- Born: June 2, 1953 (age 73) Soweto, South Africa
- Known for: policeman torturer assassin askari

= Joe Mamasela =

South African government spy (born 1953)

Joe Mamasela (born June 2, 1953) is a former National Party (NP) government spy and assassin who was involved in the torture and murders or assassinations of many anti-apartheid activists including Griffiths Mxenge. Mamasela was an askari and part of the Vlakplaas counterinsurgency unit under the command of Eugene de Kock.

==Early life==
Mamasela was born in Soweto, South Africa on June 2, 1953. His mother lived in a domestic suburb and would visit Mamasela and his siblings when she could. Mamasela was the last of six children, all of whom died during the years of Apartheid. The Mamasela children lived with their grandmother in Tladistad. Their grandmother's home was turned into a shebeen in later years in order to support the family's income. Mamasela attended Western Central Jabavu but left school in Standard 9, the equivalent of Grade 11. Due to the threat of violence in his town Mamasela started training in karate and became known for his fighting skills.

==Personal life==
Mamasela married Nombi Dube shortly after he left school, when she became pregnant with their son Sizwe. The couple later divorced, allegedly due to rumours of Dube's infidelity. Mamasela later remarried and had two sons and a daughter by his second wife.
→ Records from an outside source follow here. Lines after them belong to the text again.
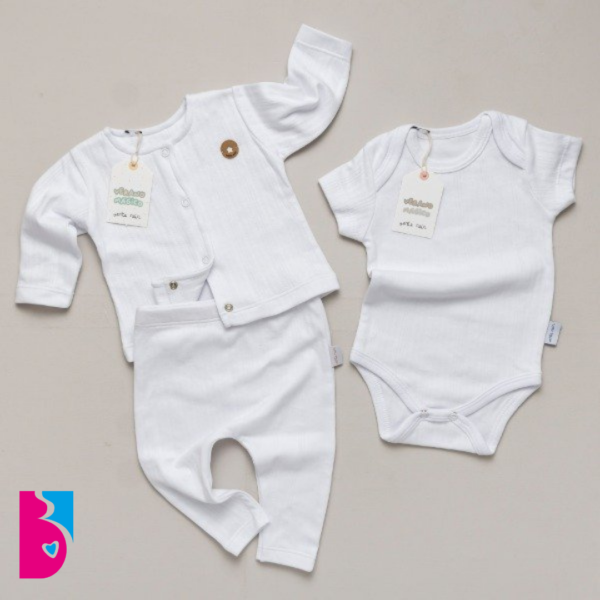 Set 3 Piezas Nido BLANCO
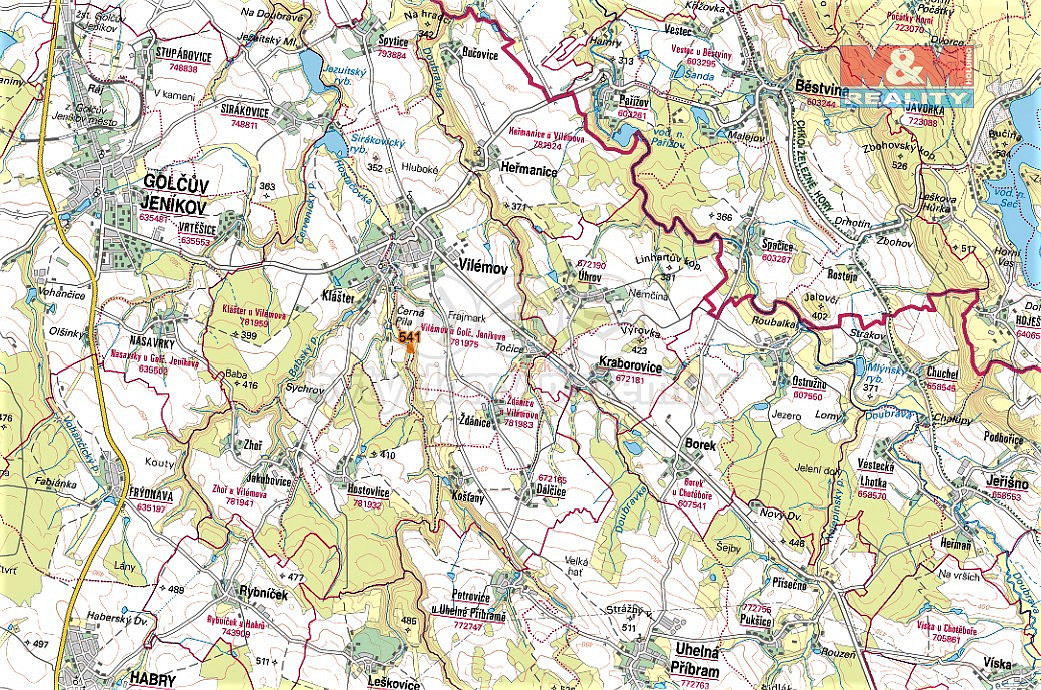 Prodej louky, 4169 m², Vilémov-Klášter u Vilémova – pohled 4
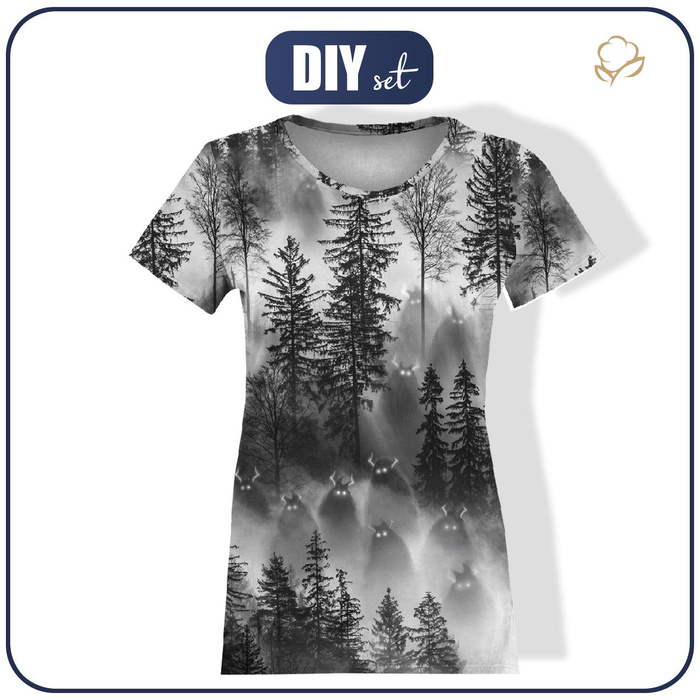 WOMEN’S T-SHIRT - CIEMIENIAKI BEASTS - sewing set M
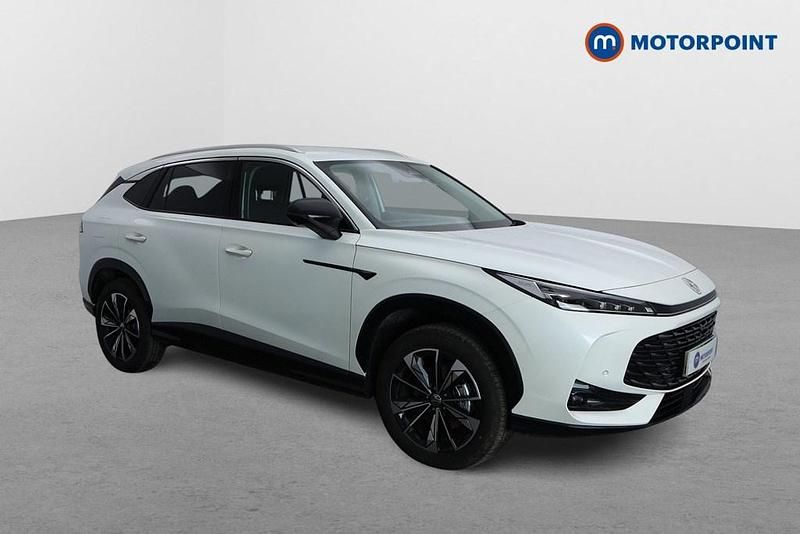 White Used 2025 MG HS Trophy SUV | £22,599 (Expensive) - Image 1/4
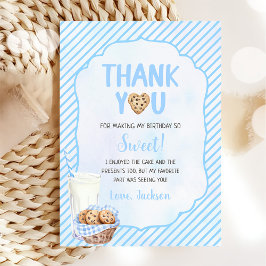 ミルクアンドクッキーボーイ誕生日 サンキューカード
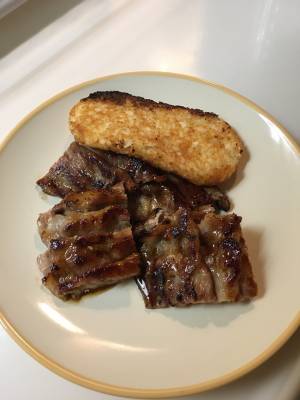 豚薄切り肉のボリュームステーキ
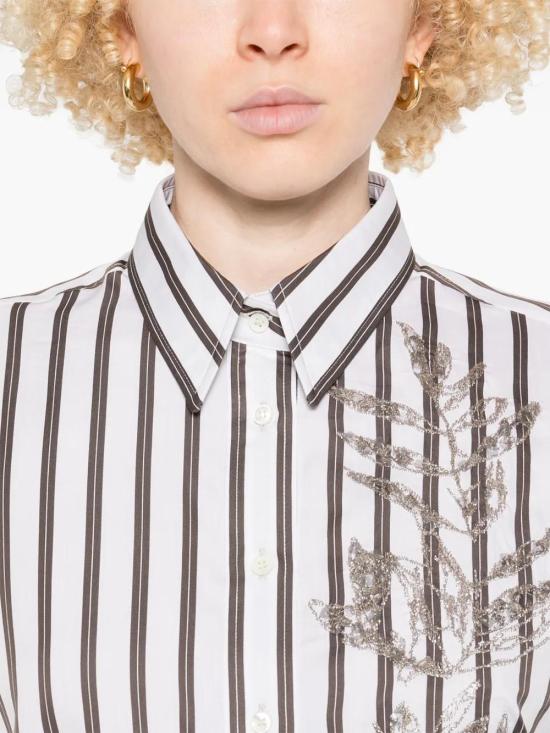  브루넬로 쿠치넬리 셔츠 MH765RJ626C026 white - BRUNELLO CUCINELLI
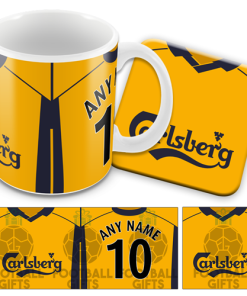 Liverpool Retro Kit Away 2000 Mug and Coaster Set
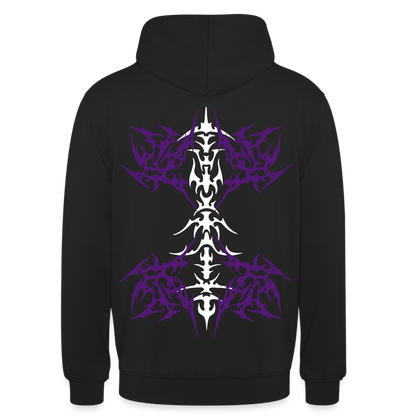 Underboob Tribals Oversized Unisex Hoodie - verschiedene Farben - Schwarz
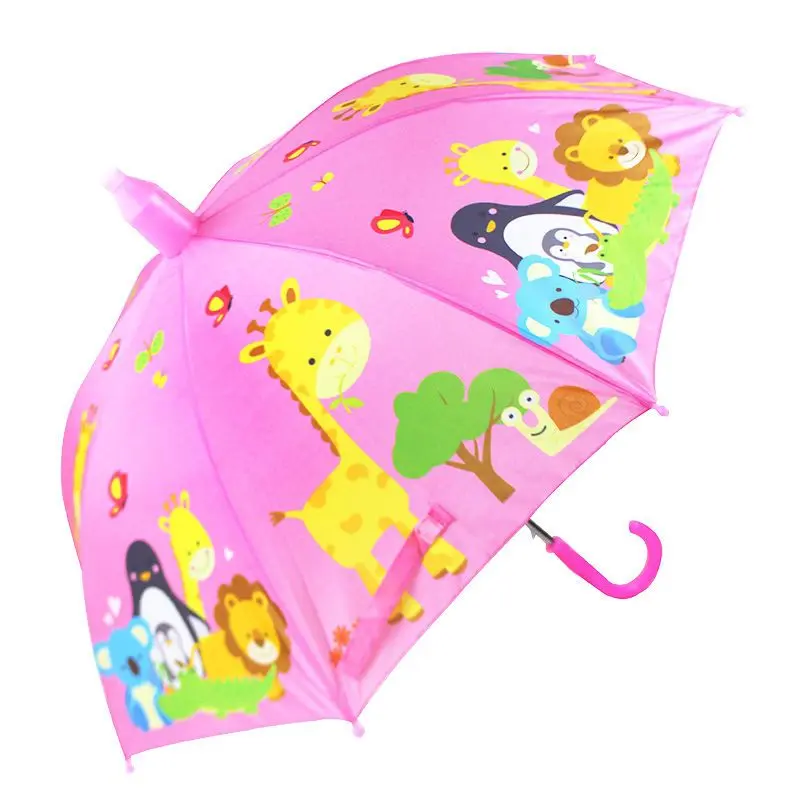 Picture of Waterproof Cover Children's Umbrella Boys and Girls Cartoon Umbrella Kindergarten Elementary School Baby Sunshade Kids Umbrella with Straight Shank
He was also a close friend of murdered askari Brian Ngqulunga.

==Politics==
Mamasela became a student activist in his earlier years due to his interest in South African politics. He later was promoted to the position of Secretary-General of the South African Student Movement at his school. The history of how Mamasela came to be an askari at Vlakplaas is contentious. Mamasela claims he joined the African National Congress in Botswana in 1977, after having been recruited by Snuki Zikalala, but was arrested by security police. Mamasela's account follows that he was tortured by the security police until he broke, giving information and agreeing to become an askari for the security force.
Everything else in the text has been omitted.